• _What you need to do_
Every line of the data is to be reproduced exactly.

• _Supplied material_
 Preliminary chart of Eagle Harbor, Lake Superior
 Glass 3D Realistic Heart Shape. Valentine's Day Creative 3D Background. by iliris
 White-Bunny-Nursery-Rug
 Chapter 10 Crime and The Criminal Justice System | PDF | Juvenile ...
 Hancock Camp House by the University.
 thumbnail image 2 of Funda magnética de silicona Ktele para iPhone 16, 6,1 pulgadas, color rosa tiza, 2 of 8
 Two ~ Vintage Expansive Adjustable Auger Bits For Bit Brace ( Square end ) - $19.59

• _Completed task_
 Preliminary chart of Eagle Harbor, Lake Superior
 Glass 3D Realistic Heart Shape. Valentine's Day Creative 3D Background. by iliris
 White-Bunny-Nursery-Rug
 Chapter 10 Crime and The Criminal Justice System | PDF | Juvenile ...
 Hancock Camp House by the University.
 thumbnail image 2 of Funda magnética de silicona Ktele para iPhone 16, 6,1 pulgadas, color rosa tiza, 2 of 8
 Two ~ Vintage Expansive Adjustable Auger Bits For Bit Brace ( Square end ) - $19.59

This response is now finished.